Task statement —
The answer must be an exact reprint of the lines from the one with "Hiking Without Dave: A" through the final line of the data, with no pictures included.

Data section —
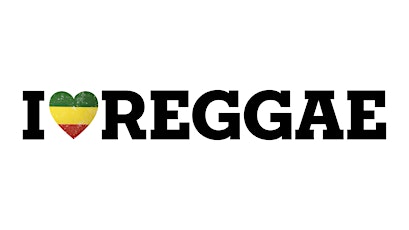 I LUV REGGAE - DAY PARTY - LABOUR DAY LONG WEEKEND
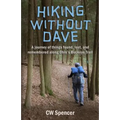 Hiking Without Dave: A journey of things found, lost, and remembered along Ohio's Buckeye Trail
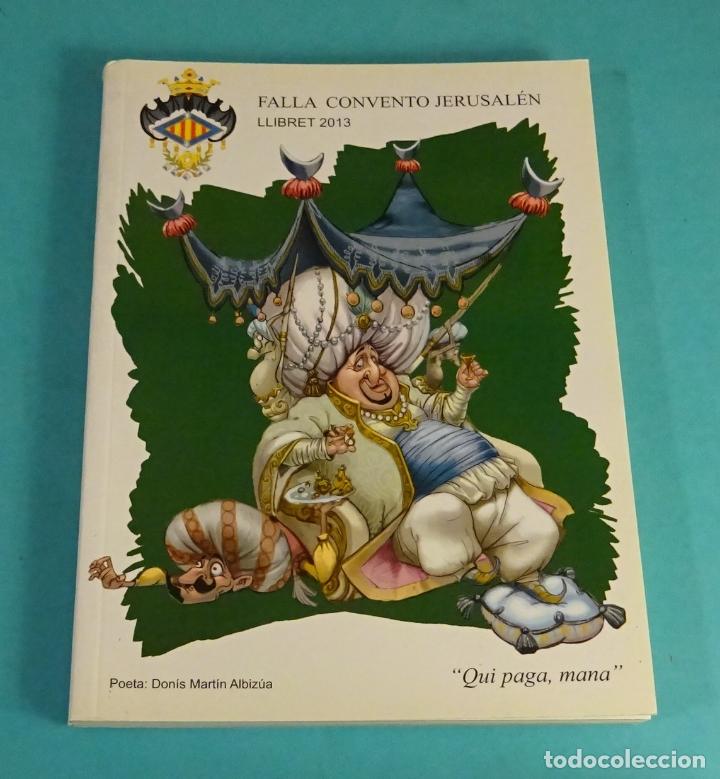 Libros: LLIBRET 2013 FALLA CONVENTO JERUSAL&Eacute;N. QUI PAGA, MANA - Foto 1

Output of the exercise —
 Hiking Without Dave: A journey of things found, lost, and remembered along Ohio's Buckeye Trail
 Libros: LLIBRET 2013 FALLA CONVENTO JERUSAL&Eacute;N. QUI PAGA, MANA - Foto 1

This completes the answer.